> **Task requirements**: Retype the records below exactly as given, but only from the first line through the line with "Anticongelante rosa 5L", and without the pictures.

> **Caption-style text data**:

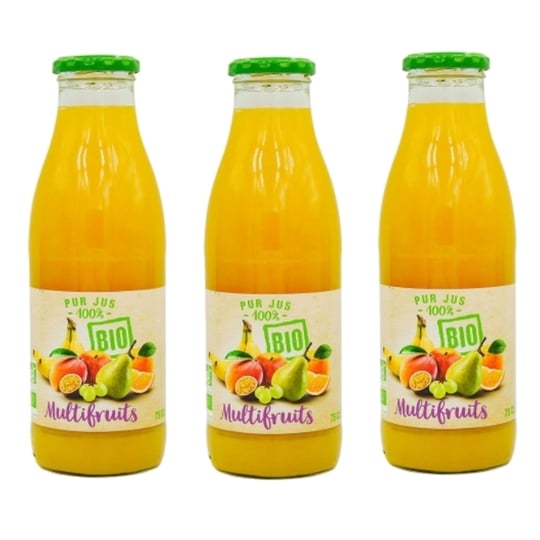 Lot 3x Pur Jus Multifruits Bio - Bouteille 75cl AGIDRA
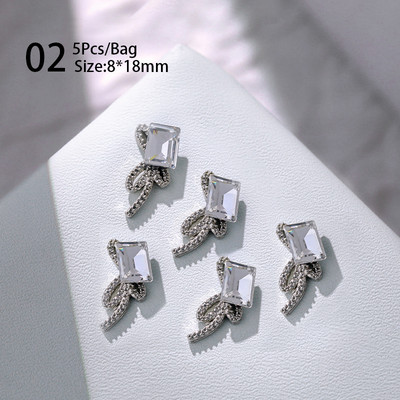 1 vrećica Mješovita šarena želatinasta traka Bowknot Nail Art šarm 3D prozirni bomboni Šareni ukrasi za nokte DIY dijelovi za nokte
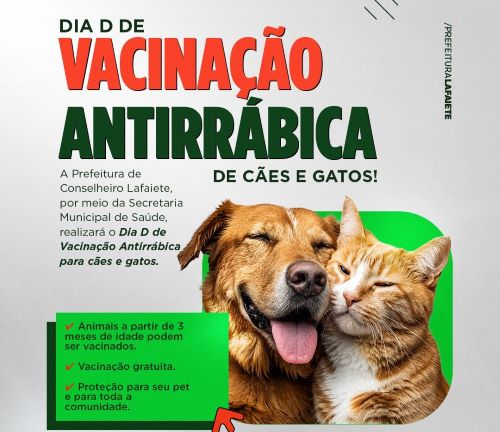 Dia D de vacinação antirrábica terá mais de 25 pontos em Lafaiete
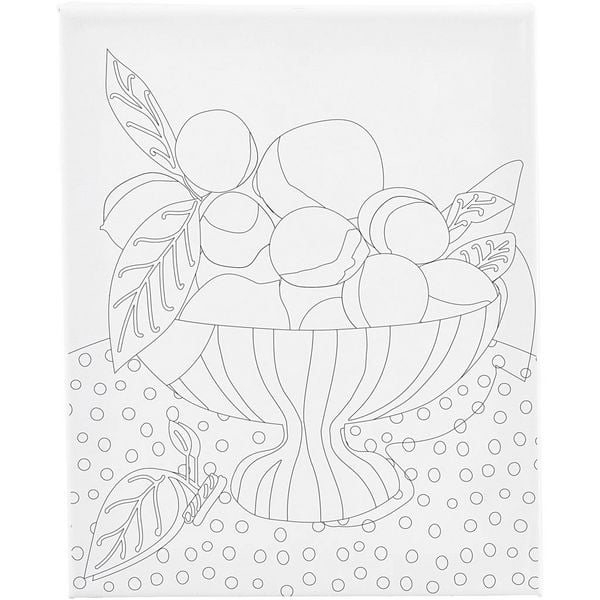 Creativ Company Mal-Leinwand mit Aufdruck, Obstschale, T 1,6 cm, Größe 24x30 cm, 360 g, 1 Stk
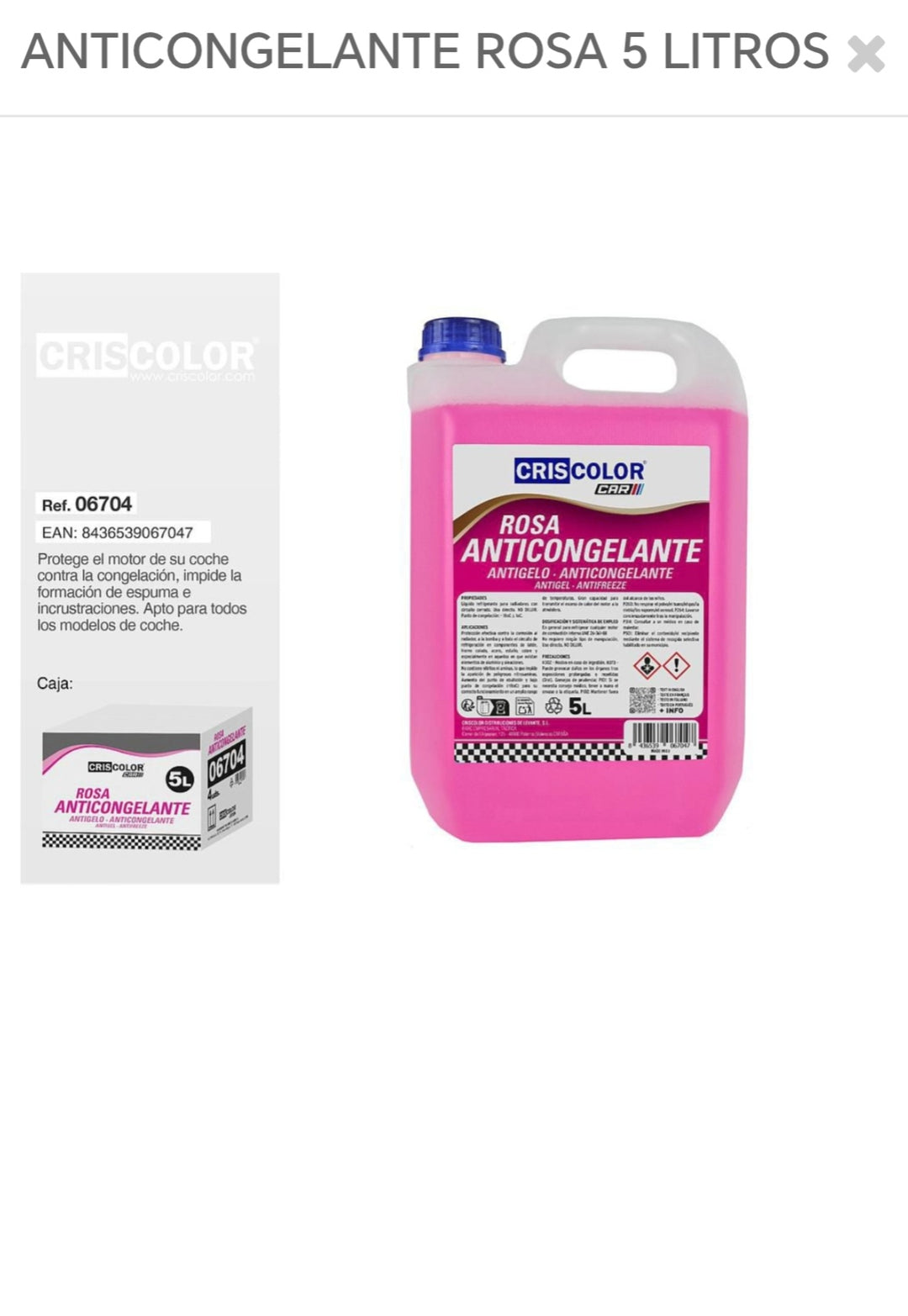 Anticongelante rosa 5L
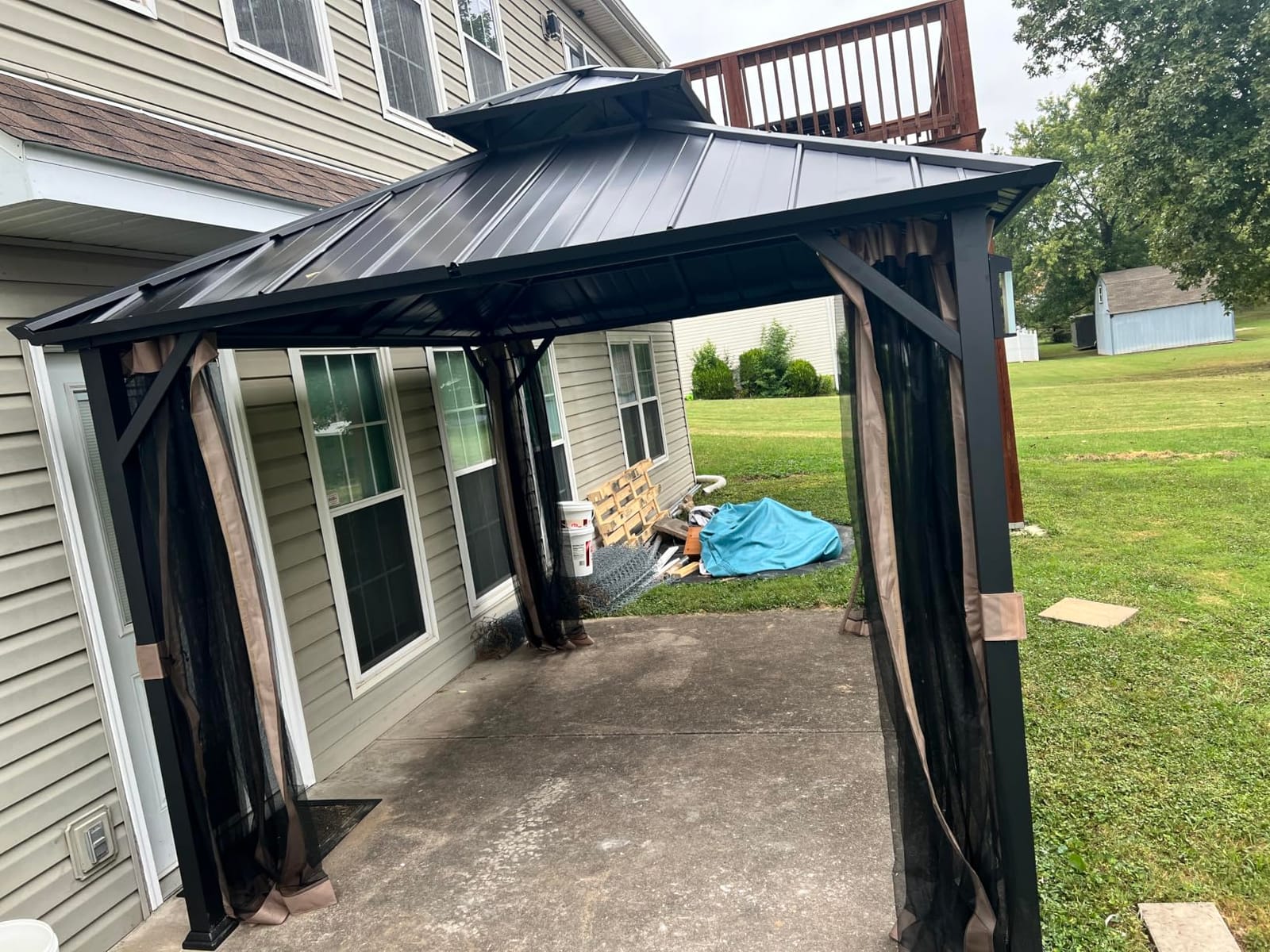 Modern Shade Hardtop Gazebo 12x12 with 4 LED Lights for Backyard, Black customer photo 1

> **Task answer**:
 Lot 3x Pur Jus Multifruits Bio - Bouteille 75cl AGIDRA
 1 vrećica Mješovita šarena želatinasta traka Bowknot Nail Art šarm 3D prozirni bomboni Šareni ukrasi za nokte DIY dijelovi za nokte
 Dia D de vacinação antirrábica terá mais de 25 pontos em Lafaiete
 Creativ Company Mal-Leinwand mit Aufdruck, Obstschale, T 1,6 cm, Größe 24x30 cm, 360 g, 1 Stk
 Anticongelante rosa 5L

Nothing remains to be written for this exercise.